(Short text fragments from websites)
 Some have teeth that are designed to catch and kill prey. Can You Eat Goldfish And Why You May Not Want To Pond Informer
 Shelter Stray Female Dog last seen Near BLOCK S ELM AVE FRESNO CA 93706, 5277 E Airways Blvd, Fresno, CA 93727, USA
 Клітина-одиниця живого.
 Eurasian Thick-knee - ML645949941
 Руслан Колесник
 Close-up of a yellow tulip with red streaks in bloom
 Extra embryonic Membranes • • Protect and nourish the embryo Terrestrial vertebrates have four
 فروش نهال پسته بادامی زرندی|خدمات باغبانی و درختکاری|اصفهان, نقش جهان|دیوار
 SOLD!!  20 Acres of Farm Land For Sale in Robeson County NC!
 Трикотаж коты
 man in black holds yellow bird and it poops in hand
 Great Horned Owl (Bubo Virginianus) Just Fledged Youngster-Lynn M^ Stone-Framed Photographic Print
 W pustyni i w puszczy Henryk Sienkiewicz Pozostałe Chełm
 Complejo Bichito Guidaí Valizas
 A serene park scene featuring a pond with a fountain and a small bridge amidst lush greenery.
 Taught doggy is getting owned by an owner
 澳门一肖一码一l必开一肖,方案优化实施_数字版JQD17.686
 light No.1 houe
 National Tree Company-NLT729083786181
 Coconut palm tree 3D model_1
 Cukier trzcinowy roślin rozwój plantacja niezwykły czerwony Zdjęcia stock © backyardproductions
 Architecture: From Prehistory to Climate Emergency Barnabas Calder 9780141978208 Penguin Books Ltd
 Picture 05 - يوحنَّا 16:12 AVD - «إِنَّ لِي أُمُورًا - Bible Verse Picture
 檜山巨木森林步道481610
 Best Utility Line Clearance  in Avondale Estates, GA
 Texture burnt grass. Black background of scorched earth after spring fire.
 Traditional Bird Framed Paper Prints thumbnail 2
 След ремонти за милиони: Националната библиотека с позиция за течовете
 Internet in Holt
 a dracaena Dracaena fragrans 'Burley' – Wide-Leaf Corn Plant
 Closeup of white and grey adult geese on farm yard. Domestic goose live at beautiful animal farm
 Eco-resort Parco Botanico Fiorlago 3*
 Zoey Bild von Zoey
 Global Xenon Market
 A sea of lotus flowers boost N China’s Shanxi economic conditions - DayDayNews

WHAT YOU WILL DO | Copy out exactly the lines running from the line with "Internet in Holt" to the end of the records, inclusive.

SOLUTION |
 Internet in Holt
 a dracaena Dracaena fragrans 'Burley' – Wide-Leaf Corn Plant
 Closeup of white and grey adult geese on farm yard. Domestic goose live at beautiful animal farm
 Eco-resort Parco Botanico Fiorlago 3*
 Zoey Bild von Zoey
 Global Xenon Market
 A sea of lotus flowers boost N China’s Shanxi economic conditions - DayDayNews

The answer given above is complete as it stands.